L'annulation par les autorités jordaniennes du concert que devait donner Mashrou3 Leila demain, vendredi 29 avril, à Amman, a surpris et soulevé un tollé de protestations. Dans un message posté sur Facebook, le groupe de rock alternatif libanais précise que le ministère jordanien de l'Intérieur a pris cette décision en raison des « croyances politiques et religieuses » du groupe. Explications pour « L'Orient-Le Jour ».

Mashrou3 Leila à Baalbeck. Photo archives

« Nous sommes très surpris par cette décision, assure le producteur de Mashrou3 Leila, Karim Ghattas. C'est la première fois que ça nous arrive. D'autant que Mashrou3 Leila s'est précédemment produit à trois reprises à Amman, où il est très apprécié. »
« Nous étions très enthousiastes à présenter notre nouvel album Ibn el-Leil en Jordanie. Un pays qui est un peu notre seconde patrie, où nous avons de très nombreux fans et où nous rejoignent à chacun de nos concerts nos inconditionnels en provenance des divers pays arabes », signale pour sa part Carl Gergès, l'un des musiciens du groupe.

En 8 ans de tournées dans le monde et les pays de la région, le groupe n'a jamais été confronté à ce genre de situation. « On ne lie pas cette décision à la région. Cela pourrait arriver dans n'importe quel pays », affirme d'ailleurs le producteur. « Nous avons donné des concerts partout, aussi bien dans les pays occidentaux qu'en Égypte, au Maroc, aux Émirats et au Liban bien sûr sans aucun problème jusque-là. »

Quelles sont les raisons avancées pour justifier cette annulation ? « Elles sont floues, répond Carl Gergès. Selon le ministère du Tourisme, il semblerait que nos valeurs ne s'accordent pas avec l'authenticité du site, l'amphithéâtre antique romain de Amman, où nous devions nous produire. Ce qui est étonnant, vu que c'est là que nous avions donné nos trois précédents concerts. »
Le groupe indique sur sa page Facebook avoir été informé « officieusement » que la raison de ce brusque changement, quelques jours avant le jour du concert, était due à l'intervention de certaines autorités qui auraient fait pression sur des personnalités politiques.
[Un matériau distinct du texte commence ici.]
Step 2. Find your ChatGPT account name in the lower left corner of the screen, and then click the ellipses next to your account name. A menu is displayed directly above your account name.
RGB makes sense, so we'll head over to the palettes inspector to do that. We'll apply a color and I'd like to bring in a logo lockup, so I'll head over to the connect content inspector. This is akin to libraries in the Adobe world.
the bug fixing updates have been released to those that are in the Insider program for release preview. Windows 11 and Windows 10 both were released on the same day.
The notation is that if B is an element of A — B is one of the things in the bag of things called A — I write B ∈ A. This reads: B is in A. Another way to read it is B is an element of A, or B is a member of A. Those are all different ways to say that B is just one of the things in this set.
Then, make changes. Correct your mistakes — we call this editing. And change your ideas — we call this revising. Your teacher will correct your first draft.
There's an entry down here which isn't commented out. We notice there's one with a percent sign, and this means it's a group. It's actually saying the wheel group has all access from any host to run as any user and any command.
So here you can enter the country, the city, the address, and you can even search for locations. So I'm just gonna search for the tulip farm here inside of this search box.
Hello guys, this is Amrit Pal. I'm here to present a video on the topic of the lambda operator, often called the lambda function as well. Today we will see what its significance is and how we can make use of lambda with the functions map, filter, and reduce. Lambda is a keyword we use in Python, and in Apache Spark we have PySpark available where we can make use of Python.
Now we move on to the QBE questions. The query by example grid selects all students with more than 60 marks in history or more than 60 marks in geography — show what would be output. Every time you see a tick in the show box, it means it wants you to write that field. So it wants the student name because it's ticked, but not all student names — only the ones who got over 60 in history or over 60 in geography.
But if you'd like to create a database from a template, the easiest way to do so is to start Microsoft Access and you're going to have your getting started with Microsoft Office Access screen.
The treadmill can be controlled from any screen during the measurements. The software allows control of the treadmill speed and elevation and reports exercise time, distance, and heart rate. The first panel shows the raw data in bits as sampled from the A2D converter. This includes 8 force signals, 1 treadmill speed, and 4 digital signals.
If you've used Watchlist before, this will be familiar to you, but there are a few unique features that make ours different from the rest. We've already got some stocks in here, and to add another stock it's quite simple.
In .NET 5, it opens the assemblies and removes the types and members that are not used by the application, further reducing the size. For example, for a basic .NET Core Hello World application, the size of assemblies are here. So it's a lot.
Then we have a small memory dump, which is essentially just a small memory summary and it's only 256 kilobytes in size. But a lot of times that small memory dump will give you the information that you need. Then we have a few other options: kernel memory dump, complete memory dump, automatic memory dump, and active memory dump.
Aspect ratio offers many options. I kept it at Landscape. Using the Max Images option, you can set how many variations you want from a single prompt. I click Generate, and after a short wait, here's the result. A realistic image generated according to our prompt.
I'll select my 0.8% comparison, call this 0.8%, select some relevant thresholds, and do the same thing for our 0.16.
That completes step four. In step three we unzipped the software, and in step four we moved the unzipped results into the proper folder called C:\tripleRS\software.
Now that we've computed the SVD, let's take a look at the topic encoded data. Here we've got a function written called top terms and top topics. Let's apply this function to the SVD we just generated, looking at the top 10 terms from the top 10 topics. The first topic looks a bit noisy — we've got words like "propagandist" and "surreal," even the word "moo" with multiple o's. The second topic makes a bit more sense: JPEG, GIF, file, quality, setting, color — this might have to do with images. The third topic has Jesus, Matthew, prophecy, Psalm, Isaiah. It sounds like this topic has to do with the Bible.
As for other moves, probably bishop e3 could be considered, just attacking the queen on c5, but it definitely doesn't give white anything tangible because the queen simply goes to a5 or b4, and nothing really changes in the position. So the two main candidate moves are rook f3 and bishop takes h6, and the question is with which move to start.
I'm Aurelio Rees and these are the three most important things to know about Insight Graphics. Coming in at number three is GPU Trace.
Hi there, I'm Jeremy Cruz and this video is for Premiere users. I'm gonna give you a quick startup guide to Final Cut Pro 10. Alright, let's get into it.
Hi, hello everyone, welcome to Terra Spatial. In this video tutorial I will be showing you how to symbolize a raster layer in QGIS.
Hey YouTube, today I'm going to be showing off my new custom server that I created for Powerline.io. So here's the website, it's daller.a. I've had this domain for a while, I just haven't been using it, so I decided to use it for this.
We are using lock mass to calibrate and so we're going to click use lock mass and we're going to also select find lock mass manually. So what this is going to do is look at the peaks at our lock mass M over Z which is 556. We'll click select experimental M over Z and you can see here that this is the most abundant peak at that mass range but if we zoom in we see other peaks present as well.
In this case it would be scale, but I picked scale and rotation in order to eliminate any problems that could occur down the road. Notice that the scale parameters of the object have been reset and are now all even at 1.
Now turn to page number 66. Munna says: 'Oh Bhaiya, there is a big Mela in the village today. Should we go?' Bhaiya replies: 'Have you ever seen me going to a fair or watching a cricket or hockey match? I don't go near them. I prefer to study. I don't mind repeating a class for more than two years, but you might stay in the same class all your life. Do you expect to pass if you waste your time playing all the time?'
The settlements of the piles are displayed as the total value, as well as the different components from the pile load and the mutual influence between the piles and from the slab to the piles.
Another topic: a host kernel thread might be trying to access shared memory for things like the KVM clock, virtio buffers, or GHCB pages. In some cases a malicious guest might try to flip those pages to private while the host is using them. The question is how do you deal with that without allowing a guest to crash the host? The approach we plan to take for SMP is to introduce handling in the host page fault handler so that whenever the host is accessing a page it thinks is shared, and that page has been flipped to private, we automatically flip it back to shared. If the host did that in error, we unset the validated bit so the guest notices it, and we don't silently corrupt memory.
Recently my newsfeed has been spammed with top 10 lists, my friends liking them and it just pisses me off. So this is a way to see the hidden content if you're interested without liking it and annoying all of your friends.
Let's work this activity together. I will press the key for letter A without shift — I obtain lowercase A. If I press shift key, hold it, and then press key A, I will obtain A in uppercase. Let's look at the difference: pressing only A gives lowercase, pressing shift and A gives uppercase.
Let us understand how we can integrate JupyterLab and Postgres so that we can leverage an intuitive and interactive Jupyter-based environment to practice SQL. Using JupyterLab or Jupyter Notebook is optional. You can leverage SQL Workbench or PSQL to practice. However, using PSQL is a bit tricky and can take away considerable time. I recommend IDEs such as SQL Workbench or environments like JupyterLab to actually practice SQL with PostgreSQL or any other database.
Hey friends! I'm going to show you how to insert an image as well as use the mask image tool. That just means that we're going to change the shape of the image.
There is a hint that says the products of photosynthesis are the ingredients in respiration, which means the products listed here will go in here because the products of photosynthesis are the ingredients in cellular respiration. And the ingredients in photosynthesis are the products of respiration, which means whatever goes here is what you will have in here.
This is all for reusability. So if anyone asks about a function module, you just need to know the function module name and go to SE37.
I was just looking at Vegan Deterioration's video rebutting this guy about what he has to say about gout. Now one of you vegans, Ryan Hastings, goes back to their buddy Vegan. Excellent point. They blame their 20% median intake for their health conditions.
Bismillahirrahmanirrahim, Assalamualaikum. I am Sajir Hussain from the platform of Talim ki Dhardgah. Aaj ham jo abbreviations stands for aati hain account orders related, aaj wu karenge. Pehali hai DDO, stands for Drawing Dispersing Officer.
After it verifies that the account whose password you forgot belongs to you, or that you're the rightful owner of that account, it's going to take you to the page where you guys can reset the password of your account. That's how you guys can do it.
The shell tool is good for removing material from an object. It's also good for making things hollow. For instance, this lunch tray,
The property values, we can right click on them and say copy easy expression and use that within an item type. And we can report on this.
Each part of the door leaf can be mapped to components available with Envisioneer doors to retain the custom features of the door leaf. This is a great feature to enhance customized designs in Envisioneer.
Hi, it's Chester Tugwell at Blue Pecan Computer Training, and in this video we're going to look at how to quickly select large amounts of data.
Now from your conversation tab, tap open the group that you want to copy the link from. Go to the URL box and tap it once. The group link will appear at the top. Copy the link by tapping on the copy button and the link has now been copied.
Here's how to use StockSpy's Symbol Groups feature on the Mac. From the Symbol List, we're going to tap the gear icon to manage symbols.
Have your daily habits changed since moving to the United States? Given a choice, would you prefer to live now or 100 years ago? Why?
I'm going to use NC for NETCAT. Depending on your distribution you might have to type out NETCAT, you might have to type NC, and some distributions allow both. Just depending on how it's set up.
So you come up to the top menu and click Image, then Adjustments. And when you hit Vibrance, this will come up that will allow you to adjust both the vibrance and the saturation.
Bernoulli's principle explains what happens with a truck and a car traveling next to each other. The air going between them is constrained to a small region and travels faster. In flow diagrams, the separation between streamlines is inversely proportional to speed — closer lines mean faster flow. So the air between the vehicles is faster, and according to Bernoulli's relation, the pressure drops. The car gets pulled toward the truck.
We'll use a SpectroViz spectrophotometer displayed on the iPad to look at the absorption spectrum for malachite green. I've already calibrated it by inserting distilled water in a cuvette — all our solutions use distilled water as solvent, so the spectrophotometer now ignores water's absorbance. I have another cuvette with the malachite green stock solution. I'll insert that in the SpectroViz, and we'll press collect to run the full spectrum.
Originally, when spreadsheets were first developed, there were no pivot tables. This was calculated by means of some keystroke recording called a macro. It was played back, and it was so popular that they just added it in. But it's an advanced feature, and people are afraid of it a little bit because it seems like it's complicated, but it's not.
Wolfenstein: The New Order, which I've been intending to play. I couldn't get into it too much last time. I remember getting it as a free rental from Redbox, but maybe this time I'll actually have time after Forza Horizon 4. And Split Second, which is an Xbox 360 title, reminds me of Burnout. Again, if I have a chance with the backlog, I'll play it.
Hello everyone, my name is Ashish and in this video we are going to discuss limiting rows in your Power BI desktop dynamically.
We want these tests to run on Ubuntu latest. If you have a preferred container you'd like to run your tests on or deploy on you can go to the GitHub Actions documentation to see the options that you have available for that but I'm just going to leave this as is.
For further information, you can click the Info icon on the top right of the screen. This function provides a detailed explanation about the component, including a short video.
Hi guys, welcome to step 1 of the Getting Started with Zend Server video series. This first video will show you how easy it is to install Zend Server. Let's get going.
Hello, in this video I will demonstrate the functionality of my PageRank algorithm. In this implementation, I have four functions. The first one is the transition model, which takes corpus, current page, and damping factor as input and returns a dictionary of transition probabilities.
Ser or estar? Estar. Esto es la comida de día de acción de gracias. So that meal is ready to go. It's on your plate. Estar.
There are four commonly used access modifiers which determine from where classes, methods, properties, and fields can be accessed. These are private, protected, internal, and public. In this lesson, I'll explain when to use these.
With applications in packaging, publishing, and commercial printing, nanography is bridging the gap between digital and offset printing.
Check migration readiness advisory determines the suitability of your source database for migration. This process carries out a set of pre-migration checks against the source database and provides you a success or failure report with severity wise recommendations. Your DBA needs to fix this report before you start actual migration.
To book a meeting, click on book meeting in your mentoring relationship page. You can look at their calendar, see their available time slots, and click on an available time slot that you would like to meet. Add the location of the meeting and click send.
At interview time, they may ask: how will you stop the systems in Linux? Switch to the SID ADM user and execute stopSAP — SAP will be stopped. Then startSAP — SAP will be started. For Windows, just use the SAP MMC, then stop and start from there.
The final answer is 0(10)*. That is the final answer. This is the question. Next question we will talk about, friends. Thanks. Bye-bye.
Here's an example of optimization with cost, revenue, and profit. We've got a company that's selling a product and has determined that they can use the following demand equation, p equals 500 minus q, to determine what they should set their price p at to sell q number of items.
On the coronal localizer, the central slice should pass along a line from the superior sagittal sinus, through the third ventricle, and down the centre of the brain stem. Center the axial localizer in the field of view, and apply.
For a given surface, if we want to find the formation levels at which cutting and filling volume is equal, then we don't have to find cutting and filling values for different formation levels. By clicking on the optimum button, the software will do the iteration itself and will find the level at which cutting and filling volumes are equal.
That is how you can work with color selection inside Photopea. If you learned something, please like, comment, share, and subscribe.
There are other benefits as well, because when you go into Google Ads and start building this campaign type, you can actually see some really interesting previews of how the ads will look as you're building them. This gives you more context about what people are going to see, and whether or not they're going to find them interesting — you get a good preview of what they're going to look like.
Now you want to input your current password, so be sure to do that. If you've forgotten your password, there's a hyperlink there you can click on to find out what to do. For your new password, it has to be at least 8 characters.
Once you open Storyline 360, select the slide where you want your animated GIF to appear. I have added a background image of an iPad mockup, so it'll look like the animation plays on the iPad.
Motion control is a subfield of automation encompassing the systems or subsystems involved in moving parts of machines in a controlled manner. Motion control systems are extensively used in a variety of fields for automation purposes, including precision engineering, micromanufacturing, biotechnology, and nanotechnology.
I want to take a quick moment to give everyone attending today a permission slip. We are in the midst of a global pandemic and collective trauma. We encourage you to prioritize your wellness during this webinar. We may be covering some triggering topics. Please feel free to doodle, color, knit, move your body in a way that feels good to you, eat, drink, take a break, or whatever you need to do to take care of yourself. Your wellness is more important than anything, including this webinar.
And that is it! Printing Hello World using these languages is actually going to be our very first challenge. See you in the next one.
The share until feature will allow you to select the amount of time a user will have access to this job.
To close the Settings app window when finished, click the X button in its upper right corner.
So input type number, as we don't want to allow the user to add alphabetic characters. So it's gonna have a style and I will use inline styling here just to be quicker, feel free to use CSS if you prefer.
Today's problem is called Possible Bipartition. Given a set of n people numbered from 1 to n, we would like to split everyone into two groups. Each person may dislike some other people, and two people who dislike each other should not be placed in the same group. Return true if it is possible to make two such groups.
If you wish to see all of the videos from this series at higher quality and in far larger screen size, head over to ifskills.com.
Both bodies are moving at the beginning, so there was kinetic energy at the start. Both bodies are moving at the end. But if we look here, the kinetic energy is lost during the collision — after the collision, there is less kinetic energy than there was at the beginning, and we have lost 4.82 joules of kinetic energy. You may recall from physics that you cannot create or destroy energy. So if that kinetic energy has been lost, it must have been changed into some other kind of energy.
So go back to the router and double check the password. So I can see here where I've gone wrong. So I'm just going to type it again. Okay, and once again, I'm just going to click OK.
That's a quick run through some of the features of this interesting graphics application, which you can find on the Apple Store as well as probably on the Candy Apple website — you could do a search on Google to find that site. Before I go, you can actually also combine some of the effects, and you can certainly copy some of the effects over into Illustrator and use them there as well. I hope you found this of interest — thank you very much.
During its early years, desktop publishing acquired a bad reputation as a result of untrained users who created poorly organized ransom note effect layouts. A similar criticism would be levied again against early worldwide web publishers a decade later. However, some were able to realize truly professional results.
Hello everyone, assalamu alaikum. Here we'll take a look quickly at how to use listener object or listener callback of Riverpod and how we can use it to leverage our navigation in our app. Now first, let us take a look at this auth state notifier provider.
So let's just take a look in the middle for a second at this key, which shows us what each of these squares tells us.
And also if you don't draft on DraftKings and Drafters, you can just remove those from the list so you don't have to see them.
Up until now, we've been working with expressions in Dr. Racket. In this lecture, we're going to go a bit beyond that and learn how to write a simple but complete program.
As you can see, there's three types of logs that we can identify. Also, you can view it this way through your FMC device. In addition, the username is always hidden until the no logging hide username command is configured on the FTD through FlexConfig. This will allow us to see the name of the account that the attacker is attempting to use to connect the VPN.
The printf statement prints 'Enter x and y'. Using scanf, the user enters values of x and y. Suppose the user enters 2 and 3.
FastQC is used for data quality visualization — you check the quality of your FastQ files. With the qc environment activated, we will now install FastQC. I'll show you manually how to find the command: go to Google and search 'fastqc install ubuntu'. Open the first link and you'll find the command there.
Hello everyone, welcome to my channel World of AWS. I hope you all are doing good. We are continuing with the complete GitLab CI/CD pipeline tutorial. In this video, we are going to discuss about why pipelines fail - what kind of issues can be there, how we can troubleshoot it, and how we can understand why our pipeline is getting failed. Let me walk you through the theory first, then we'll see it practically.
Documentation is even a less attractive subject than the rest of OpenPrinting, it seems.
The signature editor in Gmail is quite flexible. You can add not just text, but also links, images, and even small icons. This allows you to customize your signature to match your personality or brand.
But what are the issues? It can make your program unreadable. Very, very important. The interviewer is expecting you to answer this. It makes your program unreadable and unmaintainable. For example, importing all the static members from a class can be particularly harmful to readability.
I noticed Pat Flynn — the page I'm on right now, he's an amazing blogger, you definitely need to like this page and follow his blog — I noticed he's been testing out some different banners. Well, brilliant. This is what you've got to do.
Des rumeurs courent même sur la possibilité que cette annulation soit due à une requête du lobby catholique jordanien. « On ne peut pas porter ce genre d'accusation sans preuves, avance prudemment Carl Gergès. Mais la presse, qui, dans son ensemble, nous soutient largement, fait état de pressions religieuses exercées sur les autorités. »

Une décision du Parlement jordanien
Dans un article du quotidien jordanien el-Khabar, qui circule sur les réseaux sociaux, une quelconque implication d'autorités religieuses n'est cependant pas évoquée directement. L'auteur rapporte plutôt la décision prise par le Parlement jordanien d'interdire définitivement au groupe de se produire sur son territoire – le message véhiculé par leurs chansons n'étant pas, selon les autorités à Amman, conforme aux valeurs et aux traditions du pays et de la société jordanienne. Une dépêche de l'AFP faisait mention hier d'un post sur Facebook du député Bassam al-Battouche, indiquant avoir lui-même demandé au gouverneur de Amman l'annulation du concert du groupe Mashrou3 Leila. Pour le député jordanien, « le groupe libanais controversé fait l'apologie d'idées étrangères à notre société et culture arabo-musulmane. Il évoque dans ses chansons sexe et homosexualité, appelle à la rébellion contre les gouvernements et les sociétés, et fait l'apologie du satanisme ».

« Nous ne prônons que la liberté, l'égalité et l'amour dans des textes qui ne parlent au final que de choses très humaines, assure Carl Gergès. Et nous continuerons à le faire, sans rien changer à notre répertoire et notre style », poursuit-il. « Cette annulation injustifiée nous a frustrés bien évidemment, mais la réaction des fans qui nous soutiennent nous a largement réconfortés. » Sont-ils prêts à se produire à nouveau à Amman si le gouvernement jordanien revient sur sa décision ? « Sans doute. Pourquoi devrions-nous punir nos fans jordaniens?... »
« Nous voulons juste continuer à porter les couleurs de notre musique partout dans le monde, sans avoir à justifier de ce que nous sommes ou de notre mode de vie », affirme en conclusion Karim Ghattas.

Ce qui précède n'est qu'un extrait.